SECTIONS
SPI-t010
rev 5/18/2022 15:28
|
SPI-0800.cfm rev 05/16/2022 13:00
SPORTS PAGE DOCUMENTATION
{ts '2023-09-21 14:59:06'}
RUN THE SYSTEM
To Run the system:
http://www.mmcctech.com/sportspage
SCRIPTS
Scripts are found on the server in:
/d/Websites/bcra-mlscom/mmcctech/SportsPage
mySQL DATABASE TABLES
Tables are stored in the MyBayCity.com database.
Sample query:
<cfquery name="SPIq_Stories" datasource="MyBayCity" >
SELECT * FROM mbc_tsportspage_idx
WHERE SPI_Type = 'P'
ORDER-BY SPI_IssueDate, SPI_Issue_Page
</cfquery>
DATA FILES
Lowest level:
TXT file containing HTML rendering of a scanned newspaper page.

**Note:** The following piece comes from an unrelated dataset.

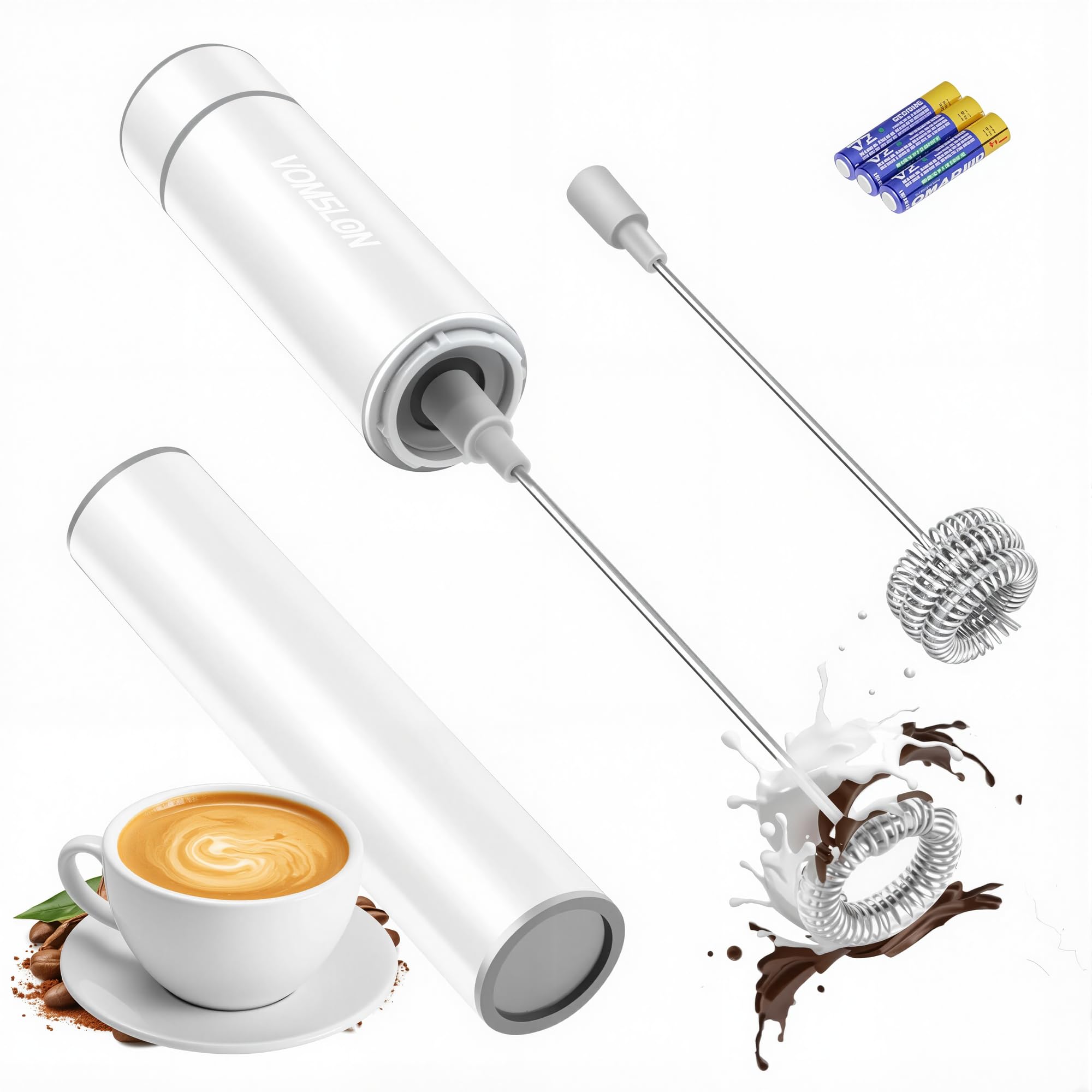 Photo 1 of Electric Milk Frother Handheld,Travel Coffee Drink Mixer Batteries Included, 304 Stainless Steel Whisk for latte Cappuccino,Bulletproof Coffee Hot Chocolate,Egg White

yyyy-mm/12-06-1976_THE BAY COUNTY SPORTS PAGE01.txt
OJ had all of the newspaper pages scanned as an image files,
one file per page.
Those image files were run through an optical character recognition engine to make an HTML file.
(The conversion of the scanned page-image files produced passable HTML code.
We think that pictures were identified and saved separately as image files.
The full page-image files are available, but not used in the web system.
It's just too much volume!
Steve renamed the HTML file to TXT.
Those TXT files are on a thumb drive in folders by year and month.
(Some folders have multiple months.)
The folders were uploaded to the web server. They were run through a conversion script
and written to the database,
one record per page.
The file name format is significant:
It must start with the issue date in the format mm-dd-yyyy.
It must include the page number in the format PAGEnn.
For example:
12-06-1976_THE BAY COUNTY SPORTS PAGE01.txt
These files are REMOVED from the web server once the conversion is complete.
Contact Sheets:
One file per 16 or 24 page issue.
Every issue has a single thumbnail of all 16 or 24 pages.
That thumbnail will be uploaded to the server.
The link attached to an individual page will point to the
thumbnail/contact sheet
of the issue the page appears in.
When a user does a SEARCH, the script will return a table of ALL pages on which
the search terms appear.
These results are used to show a single copy of EACH
thumbnail/contact sheet
at the bottom of the page.
Each thumbnail/contact sheet's "link" will point to the web location where the
page is for sale. Typically an Amazon Kindle book.
You can see the contact sheet from several places.
Use VIEW from the "Page List" script (SPI-0100.cfm).
Old style file name: 1976_07_19_Contact_Sheet.jpg
New style file name: CS_1976_08_02.jpg
Contact sheets are LEFT on the web server after the conversion is complete.
They are shows to the user in many places.
We think they will represent what is sold to customers.
Raw data FOLDER and FILE EXAMPLES:
(This will all be deleted once conversion is done)
Two folders that could contain raw data files:
/d/Websites/bcra-mlscom/mmcctech/SportsPage/1976-08-09
1976 Month 8 and 9 (Aug - Sept)
/d/Websites/bcra-mlscom/mmcctech/SportsPage/1976-10-11
1976 Month 10 and 11 (Oct - Nov)
A folders containing some raw data files:
/d/Websites/bcra-mlscom/mmcctech/SportsPage/1976-12
1976 Month 12 (Dec)
08-02-1976_THE BAY COUNTY SPORTS PAGE-BkMrk.txt
12-06-1976_THE BAY COUNTY SPORTS PAGE01.txt
12-06-1976_THE BAY COUNTY SPORTS PAGE02.txt
THROUGH
12-06-1976_THE BAY COUNTY SPORTS PAGE24.txt
|
DATABASE
The primary data used by the Sports Page system is a single table in the
MyBayCity.com database.
This single table contains TWO types of records:
Type P
One record for every PAGE.
Type T
One record for every THUMBNAIL / CONTACT PAGE on the server.
Each record contains
Unique ID
Issue and the page number,
Type (P or T)
Text name of the issue
LINK
Type P link points to the Thumbnail / contact page image file, and the matching T record.
Type T link points to the URL where the issue is sold.
Data which is searched.
DataSource: MyBayCity
Table: mbc_tsportspage_idx
Lowest level of data -
One entry for each page from every issue.
|
Fields |
|
SPI_ProgramID |
Auto increment unique identifier to a page. |
SPI_Type |
ONE byte text field indicating the record type:
P Single page with link to issue contact sheet.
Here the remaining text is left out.